Chapter 6 - Window Tables and Window Functions in SQL Flashcards
What is the idea of Windowed Table functions and how do they compare with traditional set functions?
- Operates on a Window of table, calculating one value for each row based on the other rows in that Window (moving/cumulative aggreegate values) -> tuple-based aggregation.
- Grouping with set functions -> one result per group
Explain the concept of window table, window and window function.
- Table can have multiple independent windows associated
- Window: defines for each row, a set of related rows used to compute additional atts
- Window function: applied over each row, together with other rows in the win, returning single value.
What are the elements of a window definition and how are they expressed in SQL?
Window partitioning, window ordering, window frame
- Window partitioning: Forming groups, but rows are retained.
- Window ordering: defines order of rows within partition
- Window frame: Defined relative to each row, further restricts set of rows
SELECT… FUNCTION(column) OVER (PARTITION BY expr1 ORDER BY expr2 (ROWS/RANGE)
How does the partitioning clause work?
- Defined like GROUP BY, with list of columns
-> Each group is a partition
(Windows are limited by partition boundaries)
Is it possible to apply set functions as window functions?
- Yes: set function + OVER = window function
- > aggregate value is computed for each row
- > if no frame specified, value is unique for a whole partition (like GROUP BY)
How does the ordering clause work?
- > Defines ordering with partition (independent from query ORDER BY -> no impact on sort)
- > List of columns: name (ASC/DESC) (NULLS FIRST/ NULLS LAST)
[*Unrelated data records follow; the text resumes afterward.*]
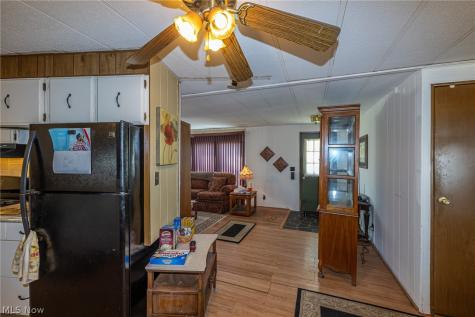 16 Grand Boulevard Olmsted Twp OH 44138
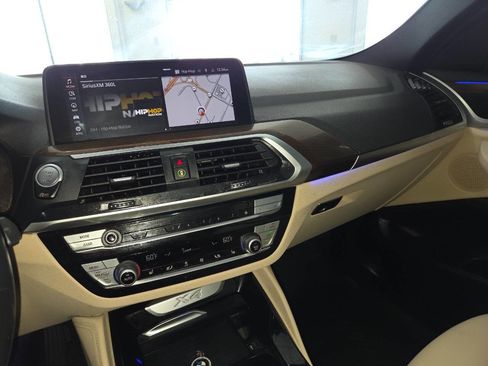 Used 2021 BMW X4 xDrive30i AWD/4WD image 34
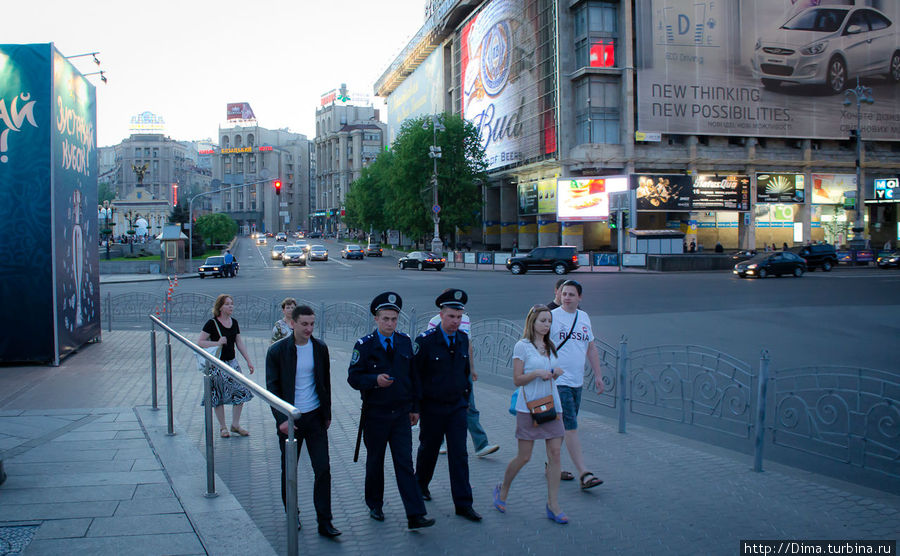 Милиция здесь сурова, но вежлива. Киев, Украина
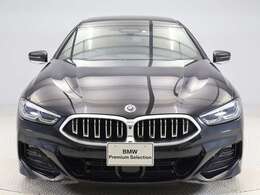 ♪BMWの代名詞といえるキドニー・グリル、一目でそれと分かる精悍な顔立ち。ホフマイスターキンクやキャラクターラインと呼ばれる側面デザインにより前傾姿勢を強調したスタイルは、走りを重視したBMWならでは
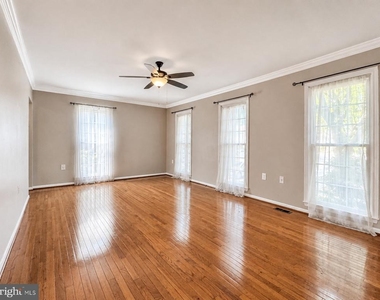 4513 Shoal Creek Court - Photo Thumbnail 5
- > required for frame specification and ranking function
What is the functionality provided by ranking functions?
-> provide, based on the ordering, the rank of each row in the partition
Enumerate and explain the different kind of ranking functions.
RANK: draws are ranked the same, skipping positions -> 1,2,2,4
DENSE-RANK: draws are ranked the same, without skips -> 1,2,2,3
ROW_NUMBER: draws are ranked differently (non-deterministic) -> 1,2,3,4
How do ranking functions and window functions in general relate to other clauses in the query?
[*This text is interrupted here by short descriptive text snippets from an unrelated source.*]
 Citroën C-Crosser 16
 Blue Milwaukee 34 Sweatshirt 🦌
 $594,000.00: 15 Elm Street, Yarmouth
window functions are computed after FROM, WHERE, GROUP BY, HAVING -> cannot be referenced
- > possible to apply window function to rows aggregated by GROUP BY
- > set aggregate functions can be used in ordering clause (groups defined in GROUP BY)
What is the idea behind cumulative functions?
if no frame is specified, the value for each row is computed using all the previous (requires ordering!) rows in the partition -> cumulative effect
What are window frames and their different kinds supported in SQL?
refines the set of rows used to apply window function with ranges of values or row count
(ROWS, RANGE) (| BETWEEN AND )
What are the differences and pros/cons between RANGE and ROWS as frame specifications?
RANGE is better suited if duplicate/missing values occur (not dense data)
-> or situations in which groups must be made based on values
How can we explicitly define a window?
-> Provide names to windows, allowing the same window to be used in different functions
…f(arg) OVER w…
WINDOW w AS (partition by … order by…)
How do the OLAP operations fit in the query processing stages?
WINDOW functions are processed in SELECT clause = projection
- > after product, selection, grouping aggregation
- > allows to create partitions based on groups generated by GROUP BY
Give an overview of additional OLAP capabilities.
-> Hypothetical aggregate functions: RANK (col1, col2, col3)
(how would this tuple rank in this group?)
-> inverse distribution functions: percentile_ (DISC|CONT) (expr)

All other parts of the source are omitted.